Related: World’s 20 Most Spectacular Palaces
Unlike city-run museums in Florence (such as Galleria degli Uffizi), Palazzo Strozzi is an independent foundation, meaning the exhibits here range from classic to avant-garde. One show could be a retrospective of Cinquecento art in Florence, a 65-foot spiral tunnel for visitors called The Florence Experiment, or controversial performance artist Marina Abramovic’s The Cleaner, featuring live nude actors. There is also a permanent collection about the history of the palace, which was built for a prominent Florentine banker, Filippo Strozzi, who died before it was completed.
Related: 7 Reasons to Rediscover Florence
Also called Palazzo della Signoria, the monumental building surrounded by one of Italy’s most famous piazzas has been home to Florence’s city government since the Renaissance. Walk past a copy of Michelangelo’s David at the entrance, and up opulent marble staircases to see expansive gold-highlighted and frescoed ceilings and walls. The Salone dei Cinquecento is one of the most grand, designed and painted by celebrated art historian (and artist in his own right), Giorgio Vasari.
INSIDER TIPHike up the palace’s Torre di Arnolfo for unforgettable city views.
In Florence, churches are museums, too.
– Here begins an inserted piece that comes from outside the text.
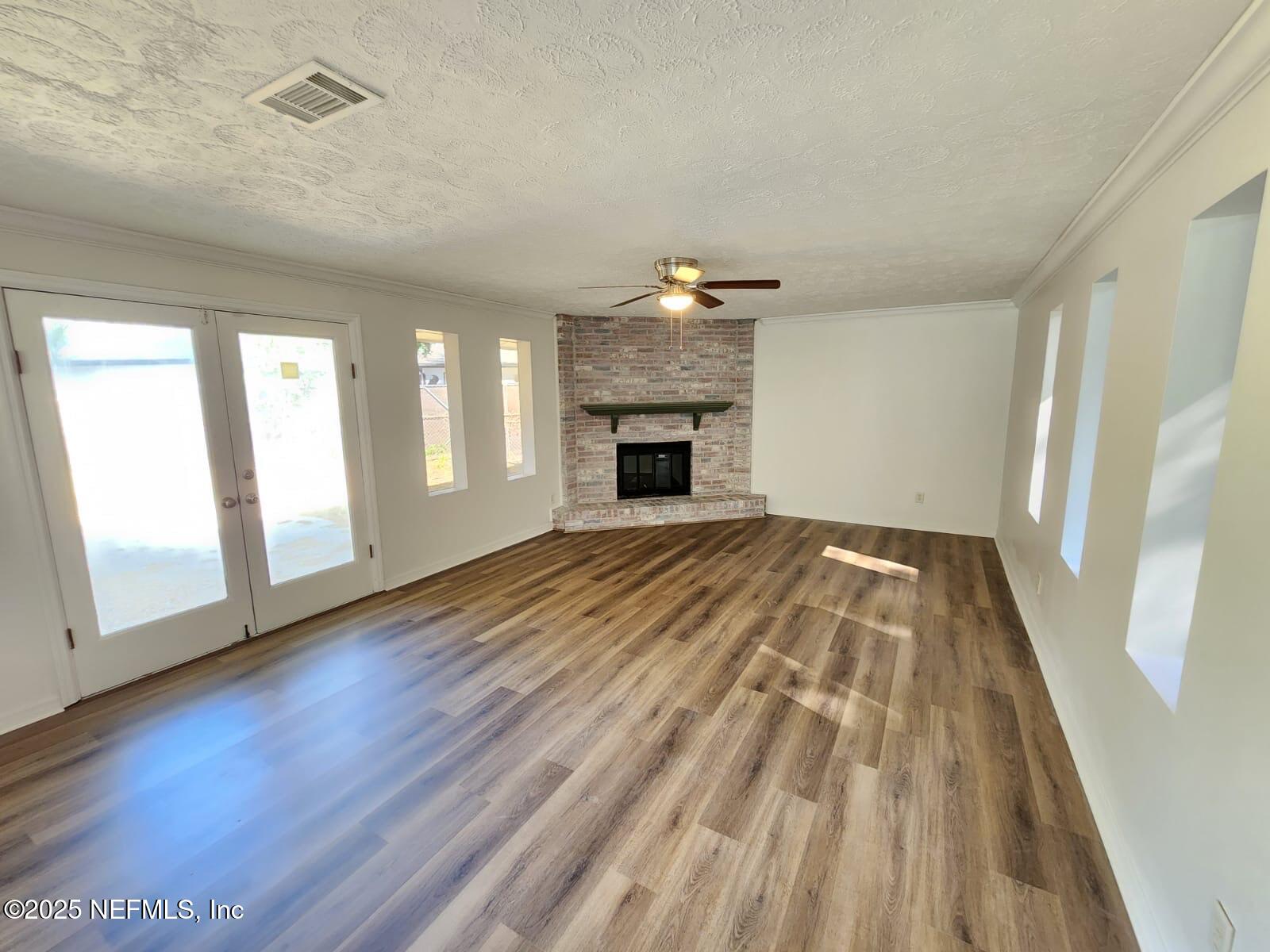 11547 Emuness Road Jacksonville, FL 32218 - Photo 12 of 16 a view of a livingroom with wooden floor and a fireplace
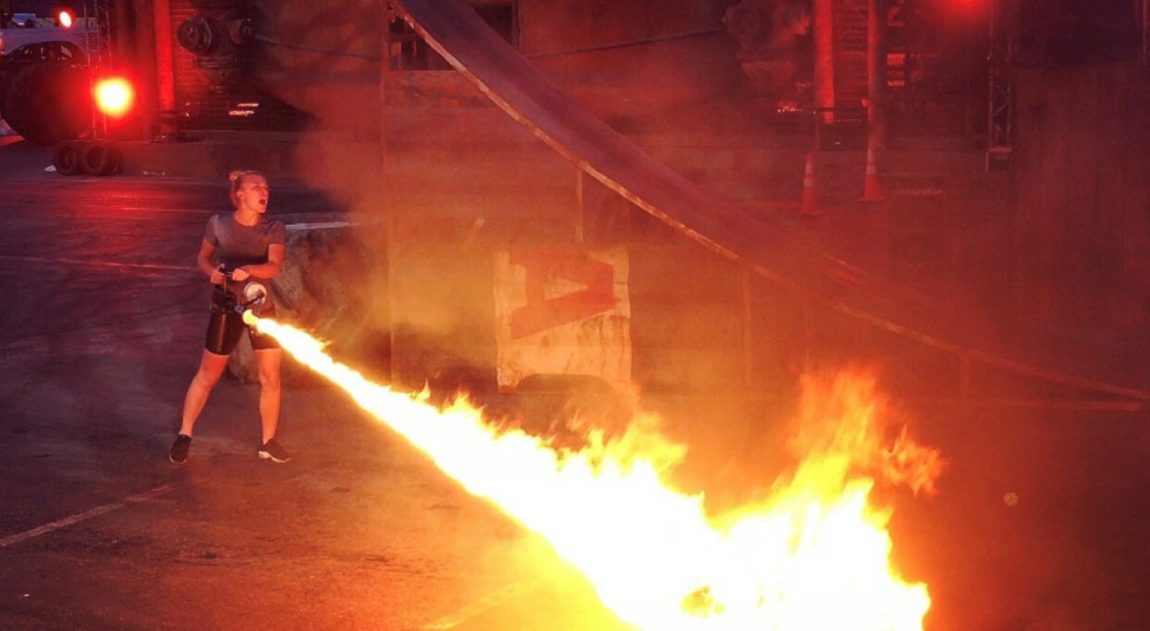 Bilde av Linn Solem som skyter flammer mot bakken. Det ser ut som hun holder en flammepistol, for det er hun som skyter flammene mot bakken..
At Santa Croce—considered the largest Franciscan church in the world (and said to be founded by St. Francis of Assisi)—you’ll find 16 chapels that were once frequented by significant Florentine families who funded their decoration. There are frescoes by Renaissance master Giotto in the Bardi and Peruzzi chapels, and a terracotta altarpiece by another quattrocento heavy hitter, Andrea Della Robbia. If the art isn’t enough of a draw to visit one of Florence’s most significant churches, the basilica also holds the tombs of Michelangelo, Galileo, and Machiavelli.
Santa Maria Novella
Dominican monks founded the basilica of Santa Maria Novella in the 13th century, making it one of the most religiously significant churches in Florence—and it still is. The facade is a beauty, with green and white marble inlay work by Genoa-born Leon Battista Alberti. Inside are some of the world’s finest examples of Renaissance art. Masaccio’s Trinita fresco painted in the 1400s (which was covered and rediscovered in the 1800s) is on the main altar and is considered one of the earliest examples of perspective during the Renaissance. Giotto’s Crucifix is another masterwork that was likely painted in the late 1200s. In the basilica’s largest chapel, Tornabuoni, Ghirlandaio painted frescoes about the Virgin Mary’s life (to whom the church is dedicated) in the late 1400s.